R: Gli USA sono stati l’attore dominante in Iraq dopo il 2003, ma hanno perso progressivamente terreno, soprattutto a favore dell’Iran, fin dal ritiro della maggioranza delle loro truppe nel 2011. La guerra contro l’ISIS ha riportato in Iraq alcuni soldati americani nel 2014, che hanno lavorato in modo contraddittorio in tacito accordo con i paramilitari pro-iraniani, ma la loro permanenza è diventata controversa politicamente dopo la sconfitta degli jihadisti, tre anni dopo. L’ultimo round di colloqui strategici fra Baghdad e Washington in luglio ha prodotto l’accordo secondo il quale tutte le forze da combattimento USA partiranno entro la fine del 2021, lasciando soltanto addestratori e consiglieri.

Il nuovo governo affronterà due domande spinose relativamente a quello che rimane della presenza militare USA. La prima è se l’assetto modificato della coalizione a guida USA permetterà alle forze governative di combattere l’ISIS o altri militanti sunniti islamisti, qualora dovessero riattivarsi. Nonostante la sconfitta territoriale, l’ISIS rimane attivo ad oggi, perpetrando attacchi sulle forze di sicurezza nelle province di Kirkuk, Salah al-Din e Diyala. In sole due imboscate, in settembre, i combattenti dell’ISIS hanno ucciso 13 membri delle forze di sicurezza irachene. Il ritiro completo degli USA nel 2011 fu seguito, 3 anni dopo, dalla conquista di un terzo dell’Iraq da parte dell’ISIS, che costrinse Washington a riportare una parte delle sue truppe. Questa volta, diversamente dal 2011, addestratori e consiglieri, nonché il supporto dell’aviazione, rimarranno.

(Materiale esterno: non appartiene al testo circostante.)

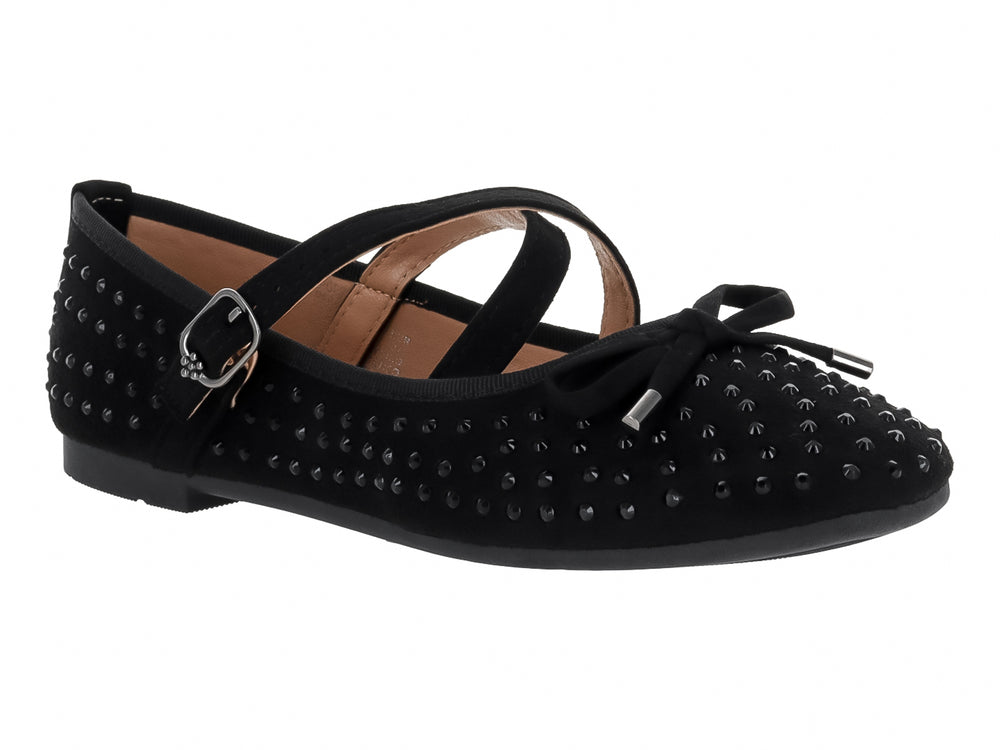 Zapato plano negro sintético para niña con correa, hebilla plateada, moño y detalles de tachuelas brillantes.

La seconda domanda è come il governo gestirà le pressioni interne sugli USA per il ritiro di tutte le sue forze rimanenti. Questa richiesta è più forte fra i gruppi Hashd alleati dell’Iran, specialmente dopo l’attacco con i droni del gennaio 2020 che uccise il generale Qassem Soleimani, capo della Forza Quds iraniana di spedizione in Iraq, e il leader dell’Hashd Abu Mahdi al-Muhandis. Ma è contrastata da altri, soprattutto i partiti curdi. Resta da vedere se i gruppi filo-iraniani accetteranno l’accordo del governo con gli USA per mantenere in Iraq addestratori e consiglieri dopo il ritiro delle forze da combattimento. Alcuni di questi gruppi sono implicati in attacchi contro le truppe USA nel 2021 e sono stati anche oggetto di ritorsioni americane. Si potrebbe quindi andare incontro ad ulteriori incidenti che coinvolgano i gruppi paramilitari e le basi irachene nelle quali è dislocato il personale statunitense. Se l’assenza di un accordo fra gli USA e l’Iran per riabilitare l’accordo sul nucleare del 2015 suggerisce che nuovi attacchi siano probabili, anche il ripristino di un’intesa non porterà automaticamente alla cessazione delle ostilità, perché la ragione sociale di alcuni gruppi paramilitari iracheni è esattamente resistere alla presenza militare degli USA e l’Iran potrebbe non avere il pieno controllo su di essi.

 

* In occasione delle elezioni politiche in Iraq del 10 ottobre, Pagine Esteri vi propone in traduzione la lettura di un recentissimo articolo al riguardo scritto da Lahib Higel, analista esperta dell’International Crisis Group, organizzazione pacifista indipendente.